On a toujours l’habitude de nous rappeler du bon vieux temps : quand on était petit, ou même un peu plus jeune, on faisait ça et ça et ça !!!
Et c’est comme ça que je me rappelle, les jours quand j’avais entre 14 et 18 ans, des étés que je passais sur la mer. C’est une mer sans vague, pas de plage, juste de la terre dure, mais qui était assez propre, et possédait un certain dynamisme dans la mesure où elle regorgeait de richesses maritimes, source de vie de plusieurs pêcheurs, et rassemblait la jeunesse en été pour se rafraîchir et passer du bon temps (je me souviens d’un jeu typique qui ne pouvait être joué ailleurs : le football en mer !!!).

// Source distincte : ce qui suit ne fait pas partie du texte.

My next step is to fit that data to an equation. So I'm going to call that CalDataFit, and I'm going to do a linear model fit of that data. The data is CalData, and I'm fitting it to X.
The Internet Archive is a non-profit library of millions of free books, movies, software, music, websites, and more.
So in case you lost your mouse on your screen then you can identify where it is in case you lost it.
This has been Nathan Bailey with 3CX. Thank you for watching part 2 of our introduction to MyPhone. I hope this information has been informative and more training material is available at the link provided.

Un jour, la Municipalité a décidé de rendre le lieu encore plus dynamique. Ils avaient commencé en un premier lieu par réserver une petite surface avec du sable artificiel (quoiqu’il y avait beaucoup de pierres, et beaucoup de gens ont du faire des points de sutures). On était tous tout contents, et on voyait les matchs de football se multiplier et s’intensifier et la plage était saturée dès 10h du matin. Et puis, une deuxième surface était réservée et des parasols étaient implantés et l’ambiance était de plus en plus chaude. Au point où je refusais de partir vers n’importe quelle autre plage. Mais comme on dit, tout finit par changer.

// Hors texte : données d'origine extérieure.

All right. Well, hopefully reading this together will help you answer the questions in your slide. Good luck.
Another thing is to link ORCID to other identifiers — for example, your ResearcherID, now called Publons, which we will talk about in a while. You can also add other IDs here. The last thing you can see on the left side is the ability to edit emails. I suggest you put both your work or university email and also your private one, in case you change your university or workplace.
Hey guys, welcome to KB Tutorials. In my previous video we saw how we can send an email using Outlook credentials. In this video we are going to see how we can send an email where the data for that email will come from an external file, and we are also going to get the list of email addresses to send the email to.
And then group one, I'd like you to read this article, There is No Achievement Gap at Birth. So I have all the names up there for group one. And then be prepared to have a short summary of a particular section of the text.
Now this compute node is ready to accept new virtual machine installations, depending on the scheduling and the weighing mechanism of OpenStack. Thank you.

On décida d’implanter un centre de l’Office National d’Assainissement pour le traitement des eaux usées, et qui bien sur, déversait les eaux « traitées » dans la mer. Avec le temps, il y a eu la formation d’algues à aspect plastifié, qui devint de plus en plus abondante d’une année à une autre. Le sol de la mer devint de plus en plus boueux, et les gens ont commencé à ne plus être à l’aise comme au bon vieux temps. L’activité sportive tomba en chute libre d’une année à l’autre. Mais pis encore, toute la faune et la flore maritime étaient touchées par ce changement : l’aspect de la mer, son odeur, ainsi que dans la qualité des poissons et de leur abondance.
Me voilà maintenant que j’ai 26 ans et que je suis loin de ma demeure initiale. Et à chaque fois que je passe par notre chère plage, je me dis : « Ah…quels bon souvenirs j’avais passé dans cet endroit. Pourquoi on n’essaye pas de faire les choses aussi correctement que possible ? Traiter les eaux usées mais ne pas polluer toute une zone !!!! »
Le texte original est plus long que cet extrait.